Upon feasting one’s eyes on the rich cast of characters and extraordinary tales about fish in this ~300-page masterpiece, one quickly realizes that phone and television screens everywhere should take caution. 

Anyone within arm’s reach of this hardbound book will be drawn to spend a few minutes looking through the more than 400 hundred painstakingly preserved and photographed archival images, maps, and artifacts.  Before you know it, an hour will be gone, and you will be filled with pride and wonder at the accomplishments of fish science and the beautiful kaleidoscope of colors that fill our nation’s aquatic environments.

The intended purpose of the book is to celebrate the 150 years of fisheries conservation in the United States carried out from the early days of the United States Bureau of Fisheries all the way to the present-day United States Fish and Wildlife Service.  Craig Springer (Editor) absolutely achieved this lofty and incredible goal.  Additionally, his passion, honed craft, and lifetime of blending art and science allows the book to do far more.

If you love fish and have ever enjoyed a Ken Burns documentary about the rich history of the interaction of humans with the natural world, then this book is for you.  Artsy prose most often associated with fishing novels, along with factual information more commonly found in scientific literature, are skillfully and splendidly blended in this book that hooks any reader with an interest in fish.  It is rare to find such a book as this that is of keen interest to the angler and the fish scientist.

Starting off, the book presents a fascinating read about the commencement and 150-year journey of fish science in the United States.  The book quickly shifts to focus on more than 40 fish species and a handful of other unique and spectacular aquatic organisms (turtles, salamanders, mussels, and plants).  Each organism is given several pages where colorful illustrations, from master artist Joseph R. Tomelleri, provide unparalleled detail.  Wonderfully, each fish story is told by a researcher working closely with that organism, leading to incredible first-hand expertise that reads with passion and a deep sense of a lifetime of devotion.

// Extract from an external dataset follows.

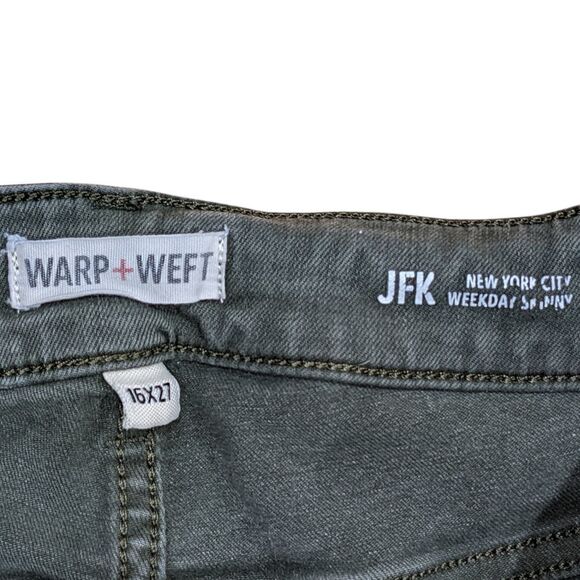 Women's Warp & Weft JFK NYC Weekday Skinny IVY Green Ankle Zipper Size 16x27 - Picture 3 of 7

The book begs the reader to turn to the next page with hundred-year-old (and older) images that are preserved and printed so well that one feels as if they could jump into the pictures with the woolen garbed, bowler hat wearing hatchery workers from the early 1900s. 

Special thanks are given to the talented individuals, Carlos Martinez and April Gregory, at the National Fish and Aquatic Conservation Archives in Spearfish, South Dakota who preserve and archive the history of fish science in the United States and contributed heavily to this book.

The book brilliantly discusses the history of fishing in the United States and the intertwined relationship it has with fish science.  Further, it explores the rich history of early tribal fisheries at Celilo Falls on the Columbia River to current day fisheries for salmon in Alaska; the early days of fish culture that launched the idea of fish management to the modern hatcheries that work daily in an attempt to mitigate the human impacts on our aquatic landscapes.  These topics are discussed and illustrated with care and with passion from the fish scientists who are daily on the frontlines.  Importantly, the reader is properly allowed to reflect on where we have been and where we are going in the field of fish science, and how we can rely on diverse cultures and individuals to best navigate that path.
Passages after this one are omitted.